## ASSIGNMENT
Your job is to reproduce all of the data exactly.

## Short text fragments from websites
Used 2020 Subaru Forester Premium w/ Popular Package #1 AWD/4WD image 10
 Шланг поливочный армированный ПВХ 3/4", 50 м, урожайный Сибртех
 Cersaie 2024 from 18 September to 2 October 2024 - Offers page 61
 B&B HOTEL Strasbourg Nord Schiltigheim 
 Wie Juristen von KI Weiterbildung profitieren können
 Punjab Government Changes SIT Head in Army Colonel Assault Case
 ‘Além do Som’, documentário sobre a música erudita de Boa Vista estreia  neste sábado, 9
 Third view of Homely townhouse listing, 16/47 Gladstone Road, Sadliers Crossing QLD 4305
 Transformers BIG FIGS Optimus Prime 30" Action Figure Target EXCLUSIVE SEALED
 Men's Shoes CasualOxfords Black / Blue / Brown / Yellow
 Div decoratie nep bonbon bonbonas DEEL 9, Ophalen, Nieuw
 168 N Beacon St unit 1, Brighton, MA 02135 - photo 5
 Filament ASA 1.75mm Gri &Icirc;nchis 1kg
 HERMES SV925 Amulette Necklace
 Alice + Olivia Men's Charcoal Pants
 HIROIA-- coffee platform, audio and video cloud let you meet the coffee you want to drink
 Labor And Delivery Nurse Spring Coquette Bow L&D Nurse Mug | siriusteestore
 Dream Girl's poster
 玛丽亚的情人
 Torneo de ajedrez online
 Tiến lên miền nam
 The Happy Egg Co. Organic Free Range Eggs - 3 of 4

## ANSWER SECTION
Used 2020 Subaru Forester Premium w/ Popular Package #1 AWD/4WD image 10
 Шланг поливочный армированный ПВХ 3/4", 50 м, урожайный Сибртех
 Cersaie 2024 from 18 September to 2 October 2024 - Offers page 61
 B&B HOTEL Strasbourg Nord Schiltigheim 
 Wie Juristen von KI Weiterbildung profitieren können
 Punjab Government Changes SIT Head in Army Colonel Assault Case
 ‘Além do Som’, documentário sobre a música erudita de Boa Vista estreia  neste sábado, 9
 Third view of Homely townhouse listing, 16/47 Gladstone Road, Sadliers Crossing QLD 4305
 Transformers BIG FIGS Optimus Prime 30" Action Figure Target EXCLUSIVE SEALED
 Men's Shoes CasualOxfords Black / Blue / Brown / Yellow
 Div decoratie nep bonbon bonbonas DEEL 9, Ophalen, Nieuw
 168 N Beacon St unit 1, Brighton, MA 02135 - photo 5
 Filament ASA 1.75mm Gri &Icirc;nchis 1kg
 HERMES SV925 Amulette Necklace
 Alice + Olivia Men's Charcoal Pants
 HIROIA-- coffee platform, audio and video cloud let you meet the coffee you want to drink
 Labor And Delivery Nurse Spring Coquette Bow L&D Nurse Mug | siriusteestore
 Dream Girl's poster
 玛丽亚的情人
 Torneo de ajedrez online
 Tiến lên miền nam
 The Happy Egg Co. Organic Free Range Eggs - 3 of 4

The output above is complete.